------ Entries supplied ------
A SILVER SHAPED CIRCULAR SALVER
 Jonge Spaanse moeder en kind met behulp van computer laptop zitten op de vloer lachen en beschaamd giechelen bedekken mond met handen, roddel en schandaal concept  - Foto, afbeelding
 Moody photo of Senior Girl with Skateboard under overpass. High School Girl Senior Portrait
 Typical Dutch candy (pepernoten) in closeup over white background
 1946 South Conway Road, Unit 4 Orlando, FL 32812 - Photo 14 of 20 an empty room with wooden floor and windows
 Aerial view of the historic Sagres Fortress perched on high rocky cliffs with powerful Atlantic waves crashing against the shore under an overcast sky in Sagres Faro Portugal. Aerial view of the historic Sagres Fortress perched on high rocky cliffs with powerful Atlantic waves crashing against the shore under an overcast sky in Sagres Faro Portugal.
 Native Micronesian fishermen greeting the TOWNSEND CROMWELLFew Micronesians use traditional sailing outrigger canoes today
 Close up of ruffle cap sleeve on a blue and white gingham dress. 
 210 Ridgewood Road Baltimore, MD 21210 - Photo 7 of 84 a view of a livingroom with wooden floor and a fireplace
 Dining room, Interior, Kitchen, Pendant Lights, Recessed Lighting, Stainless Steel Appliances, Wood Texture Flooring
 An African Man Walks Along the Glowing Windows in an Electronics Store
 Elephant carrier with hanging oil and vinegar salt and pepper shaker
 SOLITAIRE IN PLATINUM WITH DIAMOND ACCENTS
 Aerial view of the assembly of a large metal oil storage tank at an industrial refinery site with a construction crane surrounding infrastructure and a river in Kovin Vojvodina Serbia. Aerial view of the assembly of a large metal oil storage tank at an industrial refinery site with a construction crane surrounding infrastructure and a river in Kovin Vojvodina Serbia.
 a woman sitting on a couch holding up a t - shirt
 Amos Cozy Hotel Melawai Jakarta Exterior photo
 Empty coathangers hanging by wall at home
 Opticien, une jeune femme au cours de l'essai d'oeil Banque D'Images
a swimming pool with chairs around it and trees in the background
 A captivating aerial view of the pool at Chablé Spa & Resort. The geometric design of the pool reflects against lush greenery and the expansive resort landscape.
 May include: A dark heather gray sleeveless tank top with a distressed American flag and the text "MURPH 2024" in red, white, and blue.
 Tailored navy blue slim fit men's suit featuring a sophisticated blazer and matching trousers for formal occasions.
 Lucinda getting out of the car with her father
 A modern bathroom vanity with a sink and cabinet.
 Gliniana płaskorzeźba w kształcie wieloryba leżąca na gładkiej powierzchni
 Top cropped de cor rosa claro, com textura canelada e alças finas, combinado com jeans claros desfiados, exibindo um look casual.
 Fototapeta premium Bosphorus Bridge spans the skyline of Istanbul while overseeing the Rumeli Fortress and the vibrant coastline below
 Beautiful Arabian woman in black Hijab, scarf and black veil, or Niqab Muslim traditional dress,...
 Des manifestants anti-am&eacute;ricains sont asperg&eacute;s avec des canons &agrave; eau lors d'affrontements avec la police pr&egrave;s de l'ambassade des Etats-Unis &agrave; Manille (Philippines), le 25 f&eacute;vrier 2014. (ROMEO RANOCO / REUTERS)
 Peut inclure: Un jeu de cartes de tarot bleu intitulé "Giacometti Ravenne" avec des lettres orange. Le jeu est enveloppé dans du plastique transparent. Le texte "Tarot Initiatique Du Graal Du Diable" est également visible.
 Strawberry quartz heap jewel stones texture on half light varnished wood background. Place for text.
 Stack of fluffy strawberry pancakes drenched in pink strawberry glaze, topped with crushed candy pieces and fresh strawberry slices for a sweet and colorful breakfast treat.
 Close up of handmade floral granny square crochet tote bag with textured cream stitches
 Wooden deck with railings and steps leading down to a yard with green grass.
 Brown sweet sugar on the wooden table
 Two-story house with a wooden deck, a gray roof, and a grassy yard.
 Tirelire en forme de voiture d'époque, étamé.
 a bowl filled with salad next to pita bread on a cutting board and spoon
------
> Action item: Could you repeat every record above exactly as it appears?

> Answer to this exercise:
A SILVER SHAPED CIRCULAR SALVER
 Jonge Spaanse moeder en kind met behulp van computer laptop zitten op de vloer lachen en beschaamd giechelen bedekken mond met handen, roddel en schandaal concept  - Foto, afbeelding
 Moody photo of Senior Girl with Skateboard under overpass. High School Girl Senior Portrait
 Typical Dutch candy (pepernoten) in closeup over white background
 1946 South Conway Road, Unit 4 Orlando, FL 32812 - Photo 14 of 20 an empty room with wooden floor and windows
 Aerial view of the historic Sagres Fortress perched on high rocky cliffs with powerful Atlantic waves crashing against the shore under an overcast sky in Sagres Faro Portugal. Aerial view of the historic Sagres Fortress perched on high rocky cliffs with powerful Atlantic waves crashing against the shore under an overcast sky in Sagres Faro Portugal.
 Native Micronesian fishermen greeting the TOWNSEND CROMWELLFew Micronesians use traditional sailing outrigger canoes today
 Close up of ruffle cap sleeve on a blue and white gingham dress. 
 210 Ridgewood Road Baltimore, MD 21210 - Photo 7 of 84 a view of a livingroom with wooden floor and a fireplace
 Dining room, Interior, Kitchen, Pendant Lights, Recessed Lighting, Stainless Steel Appliances, Wood Texture Flooring
 An African Man Walks Along the Glowing Windows in an Electronics Store
 Elephant carrier with hanging oil and vinegar salt and pepper shaker
 SOLITAIRE IN PLATINUM WITH DIAMOND ACCENTS
 Aerial view of the assembly of a large metal oil storage tank at an industrial refinery site with a construction crane surrounding infrastructure and a river in Kovin Vojvodina Serbia. Aerial view of the assembly of a large metal oil storage tank at an industrial refinery site with a construction crane surrounding infrastructure and a river in Kovin Vojvodina Serbia.
 a woman sitting on a couch holding up a t - shirt
 Amos Cozy Hotel Melawai Jakarta Exterior photo
 Empty coathangers hanging by wall at home
 Opticien, une jeune femme au cours de l'essai d'oeil Banque D'Images
a swimming pool with chairs around it and trees in the background
 A captivating aerial view of the pool at Chablé Spa & Resort. The geometric design of the pool reflects against lush greenery and the expansive resort landscape.
 May include: A dark heather gray sleeveless tank top with a distressed American flag and the text "MURPH 2024" in red, white, and blue.
 Tailored navy blue slim fit men's suit featuring a sophisticated blazer and matching trousers for formal occasions.
 Lucinda getting out of the car with her father
 A modern bathroom vanity with a sink and cabinet.
 Gliniana płaskorzeźba w kształcie wieloryba leżąca na gładkiej powierzchni
 Top cropped de cor rosa claro, com textura canelada e alças finas, combinado com jeans claros desfiados, exibindo um look casual.
 Fototapeta premium Bosphorus Bridge spans the skyline of Istanbul while overseeing the Rumeli Fortress and the vibrant coastline below
 Beautiful Arabian woman in black Hijab, scarf and black veil, or Niqab Muslim traditional dress,...
 Des manifestants anti-am&eacute;ricains sont asperg&eacute;s avec des canons &agrave; eau lors d'affrontements avec la police pr&egrave;s de l'ambassade des Etats-Unis &agrave; Manille (Philippines), le 25 f&eacute;vrier 2014. (ROMEO RANOCO / REUTERS)
 Peut inclure: Un jeu de cartes de tarot bleu intitulé "Giacometti Ravenne" avec des lettres orange. Le jeu est enveloppé dans du plastique transparent. Le texte "Tarot Initiatique Du Graal Du Diable" est également visible.
 Strawberry quartz heap jewel stones texture on half light varnished wood background. Place for text.
 Stack of fluffy strawberry pancakes drenched in pink strawberry glaze, topped with crushed candy pieces and fresh strawberry slices for a sweet and colorful breakfast treat.
 Close up of handmade floral granny square crochet tote bag with textured cream stitches
 Wooden deck with railings and steps leading down to a yard with green grass.
 Brown sweet sugar on the wooden table
 Two-story house with a wooden deck, a gray roof, and a grassy yard.
 Tirelire en forme de voiture d'époque, étamé.
 a bowl filled with salad next to pita bread on a cutting board and spoon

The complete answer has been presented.